Après-guerre, il rejoint le studio fondé par ses frères eux aussi architectes, mais les clients se font rares… Achille se passionne pour les nouveaux matériaux et les objets que l’on peut concevoir avec. La fratrie met au point une méthode créative singulière qui fusionne art et technologie au service de la fonctionnalité. En exposant le fonctionnement des objets, en les épurant, ils donnent naissance à une esthétique singulière.
« L’un de mes secrets est de toujours plaisanter »
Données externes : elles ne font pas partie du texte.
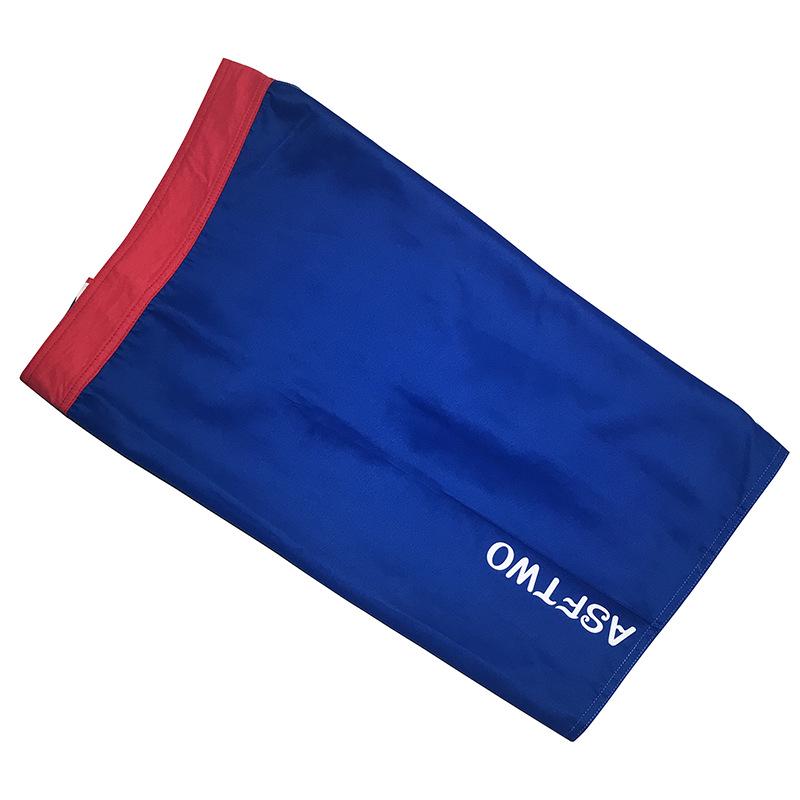 ASFTWO Men's Quick-Dry Beach & Surf Shorts - High-Quality, Casual Style, In Stock.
En 1953, Livio décide d’abandonner ses frères pour se consacrer à des projets technologiques d’éclairage et de hi-fi. Dès lors, Achille et Pier Giacomo se spécialisent dans les projets de design et travaillent en parfaite symbiose jusqu’au décès de Pier Giacomo en 1968. Dans leurs objets, les Castiglioni recherchent avant tout la fonctionnalité et la simplicité. L’esthétique découle de ces deux valeurs cardinales…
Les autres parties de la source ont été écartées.